Mungkinkah pernyataan seorang kerabat bahwa semua ini hanyalah “perang bintang” ada benarnya? Analisis ini memang terkesan salah alamat dan prematur sebab kapasitas Viktor memerintahkan penutupan dan membongkar Sotis dan Lippo dalam kapasitasnya sebagai Gubernur.
Namun demikian, pernyataan itu, entah disampaikannya secara serius atau sekadar iseng menurut saya menarik untuk disimak.
Mengapa? Mari kita cek, apa kapasitas Yohanis Mase yang berbicara seolah-olah mewakili pemilik Hotel Sotis itu?
Pernyataan Mase itu bisa saja tidak sekadar mewakili dirinya sendiri. Publik dengan enteng menilai apa yang disampaikan Mase adalah pikiran Herman Heri (HH) pemilik Hotel Sotis.
Penilaian itu logis, karena secara politik Mase memiliki keterkaitan dengan HH. Yohanis Mase merupakan Ketua DPC PDIP Kabupaten Kupang dan HH merupakan DPP PDIP.
Baik Viktor maupun HH, keduanya kini menjadi tokoh penting di NTT dalam kapasitas sebagai pengurus partai politik.
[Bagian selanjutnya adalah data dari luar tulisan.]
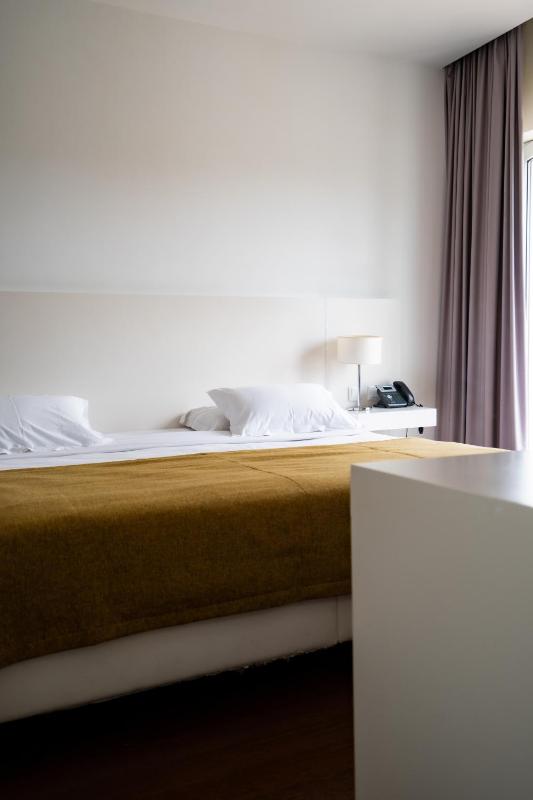 Deluxe Double Room with Balcony image 4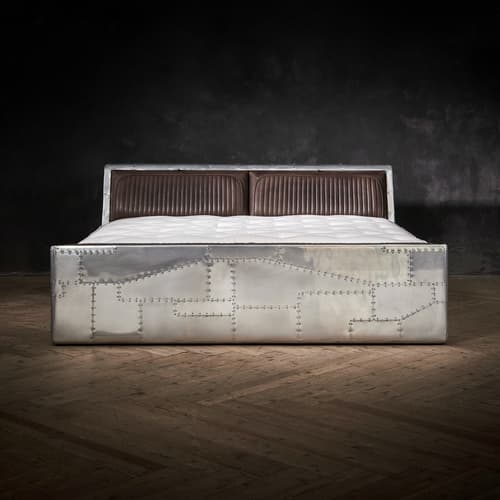 T AVI BD 0003 tomcat bed frame detail 2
Mereka juga sama-sama mempunyai akses yang kuat ke puncak kekuasaan.
Namun, pernyataan Viktor, seolah tidak peduli, siapa itu HH dan seperti apa kekuatan di belakangnya? Bagi Viktor kekuasaannya sebagai Gubernur berhak untuk menindak pemilik Hotel Sotis yang menurutnya sudah melanggar aturan konservasi tanpa peduli siapa pemiliknya.
Seperti apa akhir dari pernyataan Viktor ini? Publik tentunya masih setia menanti. Satu hal yang pasti, nyali gubernur NTT ini sedang dipertaruhkan di Lippo dan Sotis.
Jika sabda itu menjadi nyata, maka dia layak disebut sebagai pembebas yang mengeluarkan rakyat NTT dari kemiskinan sistemik. Seperti kata Viktor sendiri bahwa NTT tidak miskin melainkan salah urus. Pernyataan ini juga bisa ditafsir begini, “NTT tidak miskin melainkan dimiskinkan oleh relasi ekonomi-politik yang dimainkan pemerintahan sebelumnya.”